Example of other Cassandra bug (again, might be outdated): Cassandra nodes identify themselves on startups with IPs, and the owned token ranges are not persisted, they're streamed from other nodes in the cluster. If you've deployed your Cassandra in K8s and you reboot multiple nodes in one go and they swap IPs upon reboot, you may now find yourself in a split brain situation in which nodes magically forget they own certain data ranges and think they own each others data (or maybe it's that the nodes still think they own the right ranges but other nodes think they own the wrong ranges). Wasn't close enough to fully debug that one.

It's a mess. Would seek to avoid problem spaces where I might need to use it again, though if by chance ended up in a space where it made sense, probably wouldn't avoid the tech.

1 comments

hardwaresofton 1069 days ago

Thanks for this insight -- this is one of the first time I've heard of someone constrasting FoundationDB and Cassandra which is nice.
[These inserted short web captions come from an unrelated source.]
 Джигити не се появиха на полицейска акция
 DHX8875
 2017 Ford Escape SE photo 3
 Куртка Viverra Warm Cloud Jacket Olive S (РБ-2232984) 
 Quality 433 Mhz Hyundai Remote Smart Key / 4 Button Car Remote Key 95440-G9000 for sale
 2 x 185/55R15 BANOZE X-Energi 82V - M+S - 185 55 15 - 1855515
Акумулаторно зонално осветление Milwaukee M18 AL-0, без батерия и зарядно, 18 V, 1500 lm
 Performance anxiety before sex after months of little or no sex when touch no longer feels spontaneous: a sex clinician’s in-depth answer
> Example of fairly standard Cassandra bug (don't know if present on latest release, certainly was a year or two ago): When you add a new node to the cluster, it 'bootstraps', where it copies ~1/n the data from other nodes. When you are done bootstrapping, it's copied a bunch of data from other nodes, but the other nodes still contain that data. You then run 'cleanups' on the other nodes to remove the (now stale and unusable) data so as to get your disk space back.
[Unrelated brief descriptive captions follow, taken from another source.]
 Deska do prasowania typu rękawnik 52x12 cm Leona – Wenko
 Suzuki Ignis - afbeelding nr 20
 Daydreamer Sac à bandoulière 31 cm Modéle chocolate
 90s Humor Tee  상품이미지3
Interesting, seems like there is a bunch of little knowledge like this needed to run a service properly... Managed Cassandra has more added value to provide I guess.

> If you accidentally run a cleanup on the new node as it is being bootstrapped, it will succeed, you will delete all the data that's been copied over so far, and Cassandra will _not_ terminate the bootstrap. Everything will be green, but your new node will suddenly be using 0 disk space. When the bootstrap finishes, possibly days later, your cluster will be immediately corrupted due to violated replication guarantees - but only on data that hasn't been read or written over that period, because if it was written it'll be re-replicated, and if it was read Cassandra will silently repair at this time. Repairs resolve the issue, but if you've made this mistake due to scripting, if you get unlucky it's possible to just delete all replicas of some data between repairs.

This seems... really bad -- I don't think I have the skill to run a Cassandra cluster (and not enough use cases to run it as a hobby to find these edges)...

This sounds like the space for a consultancy to make a tidy killing though.